* [WORK INSTRUCTION]
What are the lines, word for word, from the line with "eglixu Puffer-Handyhülle für" up to and including the line with "Aufkleber two adorable" in the records below? Omit the pictures.

* [EXERCISE INPUT]
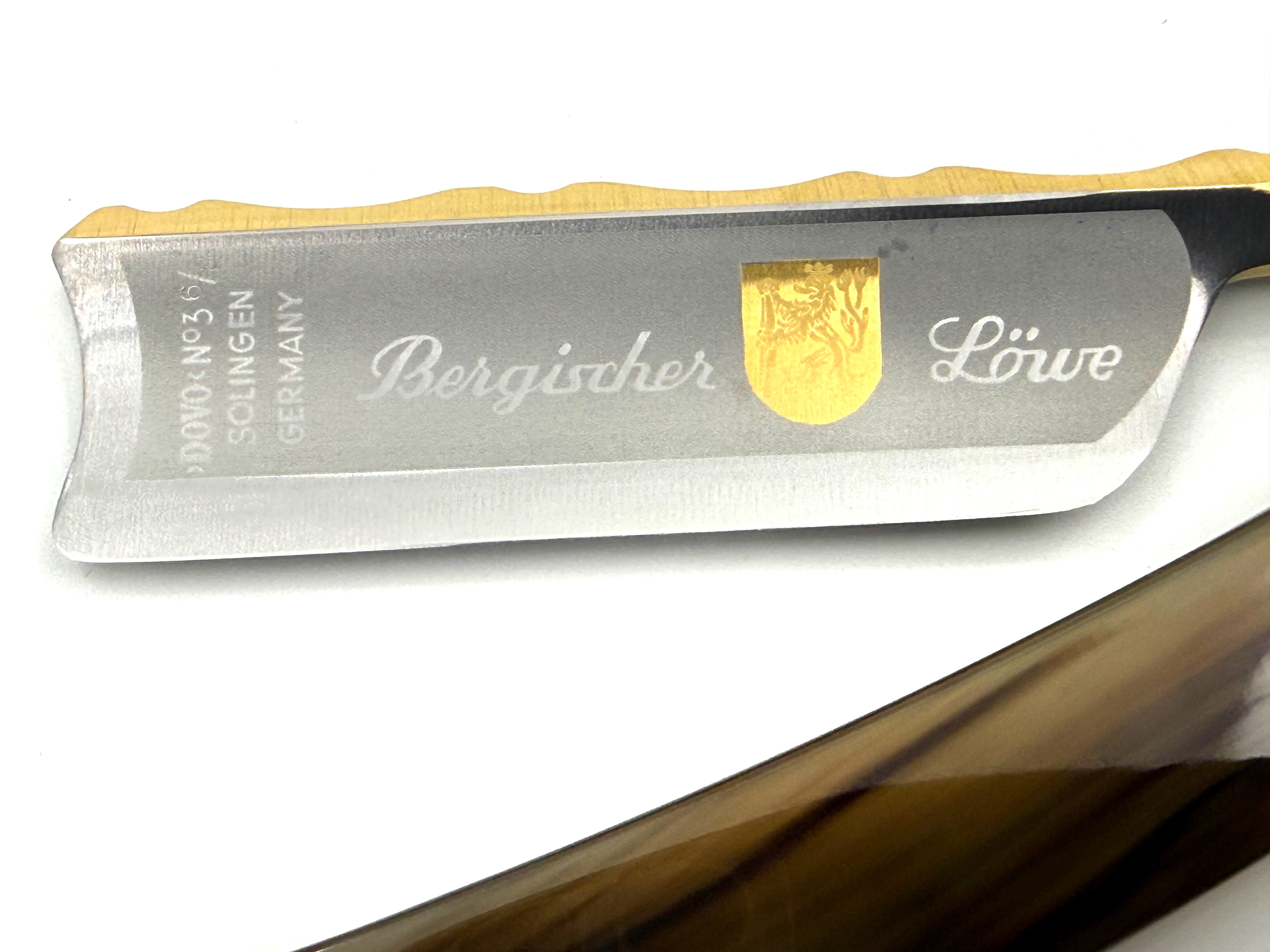 Dovo "Bergischer Lowe" Horn Handle 6/8 Full Hollow Solingen Straight Razor
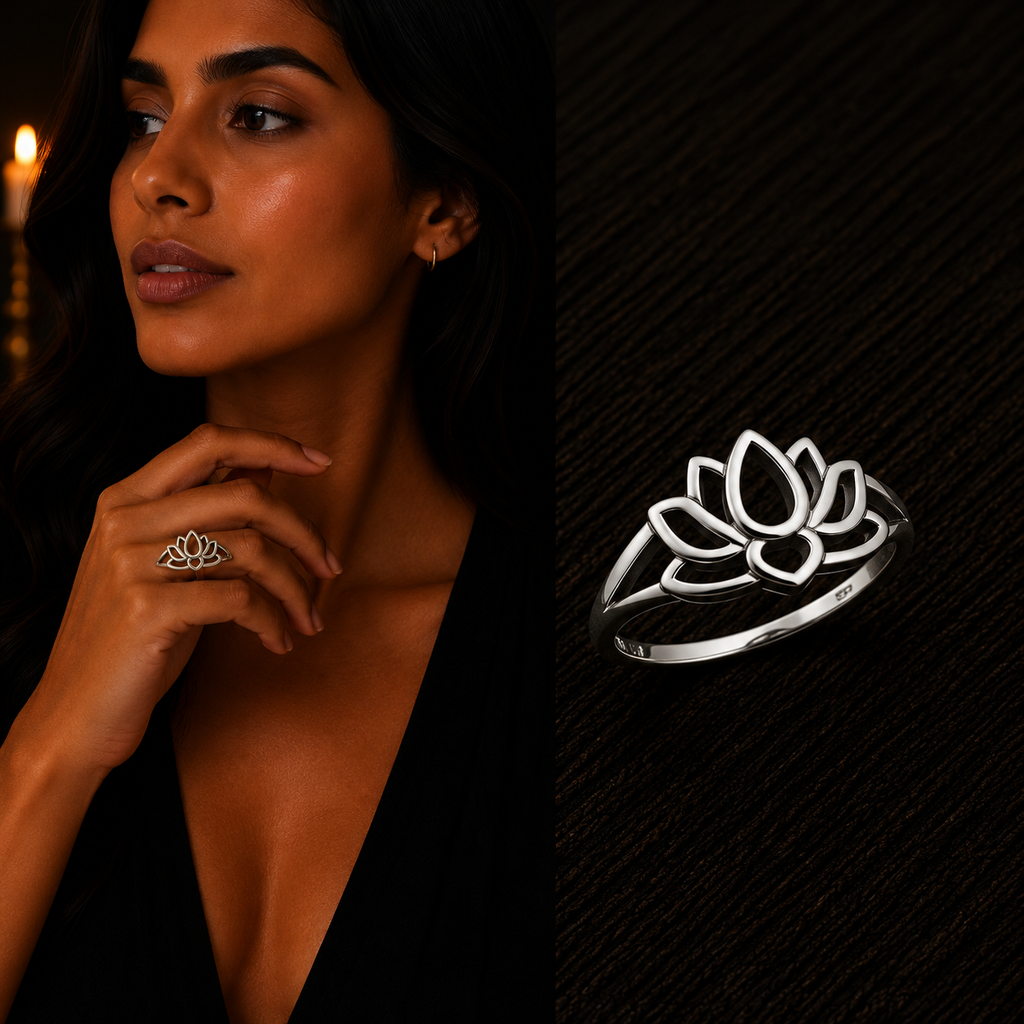 Elegant Woman Wearing 925 Sterling Silver Lotus Flower Ring with Close-Up Product View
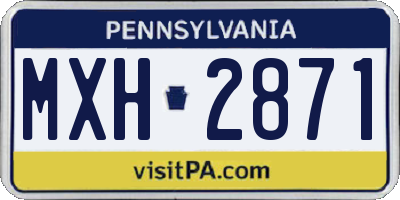 PA license plate MXH2871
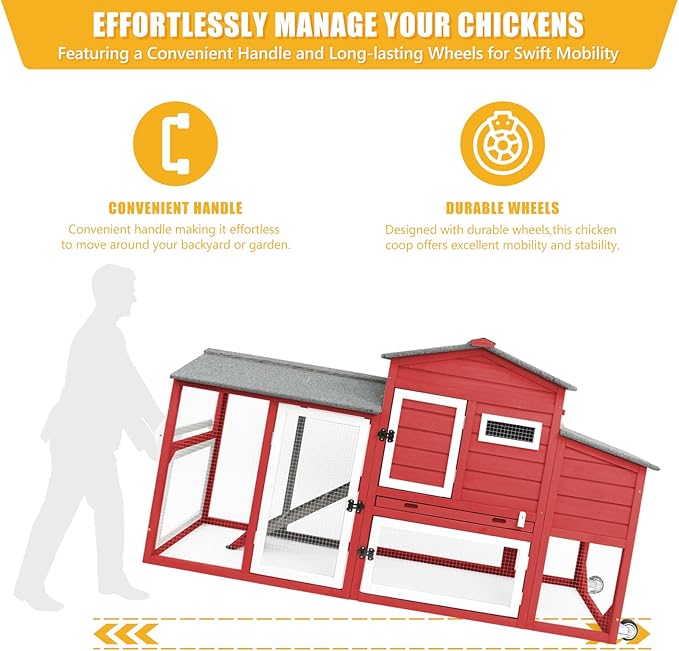PetsCosset 136" Chicken Coop with Wheels, Backyard Wooden Hen House Outdoor for 1-6 Chickens, 2 Story Poultry Cage Chicken Coop and Run, Nesting Box, Pull Out Trays, Set of Two, (Red)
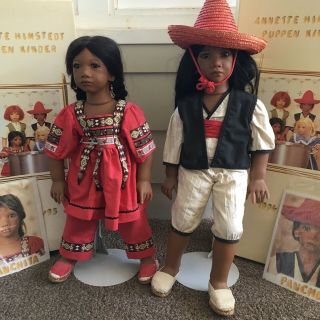 Limited Edition Annette Himstedt Puppen Kinder 94/95 Pancho And Panchita Dolls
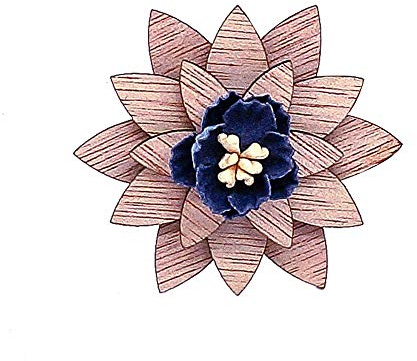 Uteruik Broche en bois en forme de fleur, boutonnière de mariage pour femme et homme, costume de veste de smoking, 1 pièce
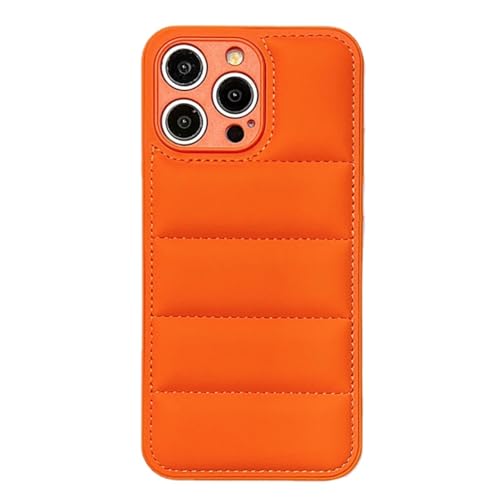 eglixu Puffer-Handyhülle für iPhone 15 Pro Max, weiches Pufferjackenmaterial, komfortable Daunen, weiche Haptik, 3D-stoßfeste Schutzhülle (Orange) von eglixu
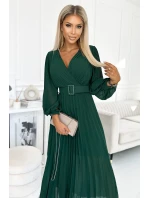 KLARA  zelené dámské šaty s výstřihem a opaskem model 21729070 - numoco basic
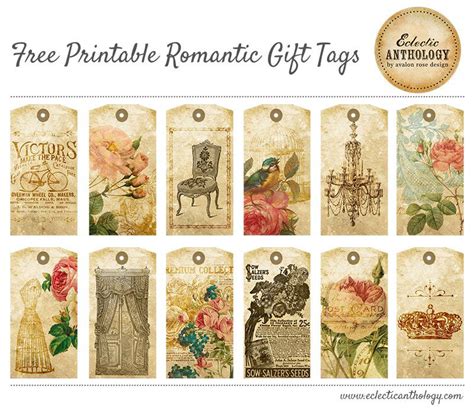 Free Printable Vintage Romantic Gift Tags Tons Of Free Vintage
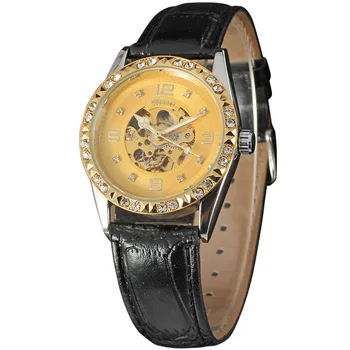 50pcs/lot ganador-D265 de lujo esqueleto reloj de cristal de alta calidad de ganador del reloj mecánico reloj de cuero de los mayoristas ganador del reloj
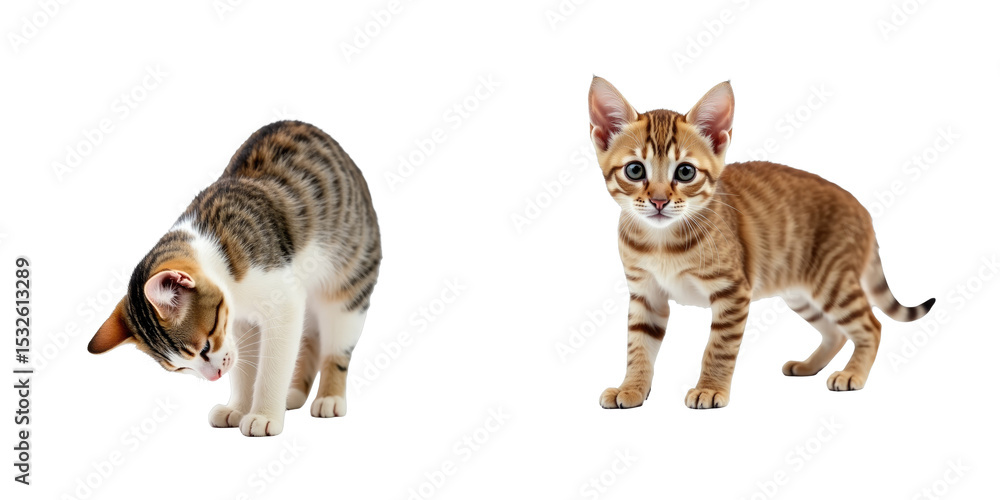 Aufkleber two adorable kittens on a transparent background. one tabby kitten bowing down in a downward dog pos
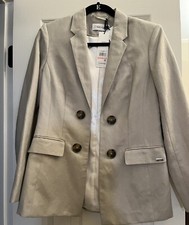 NEW Tan Beige BLAZER Lined Jacket CALVIN KLEIN Women  s size 2 Linen Blend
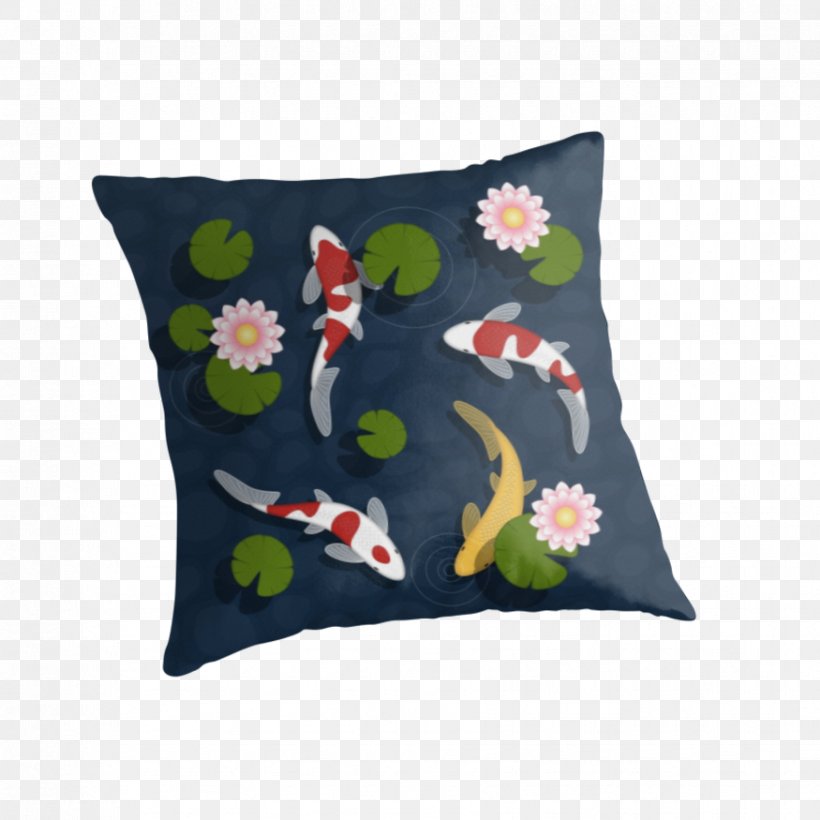 Koi Pond Throw Pillows, PNG, 875x875px, Koi, Curtain, Cushion, Douchegordijn, Duvet Download Free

* [RESULT BELOW]
 eglixu Puffer-Handyhülle für iPhone 15 Pro Max, weiches Pufferjackenmaterial, komfortable Daunen, weiche Haptik, 3D-stoßfeste Schutzhülle (Orange) von eglixu
 KLARA  zelené dámské šaty s výstřihem a opaskem model 21729070 - numoco basic
 Free Printable Vintage Romantic Gift Tags Tons Of Free Vintage
 50pcs/lot ganador-D265 de lujo esqueleto reloj de cristal de alta calidad de ganador del reloj mecánico reloj de cuero de los mayoristas ganador del reloj
 Aufkleber two adorable kittens on a transparent background. one tabby kitten bowing down in a downward dog pos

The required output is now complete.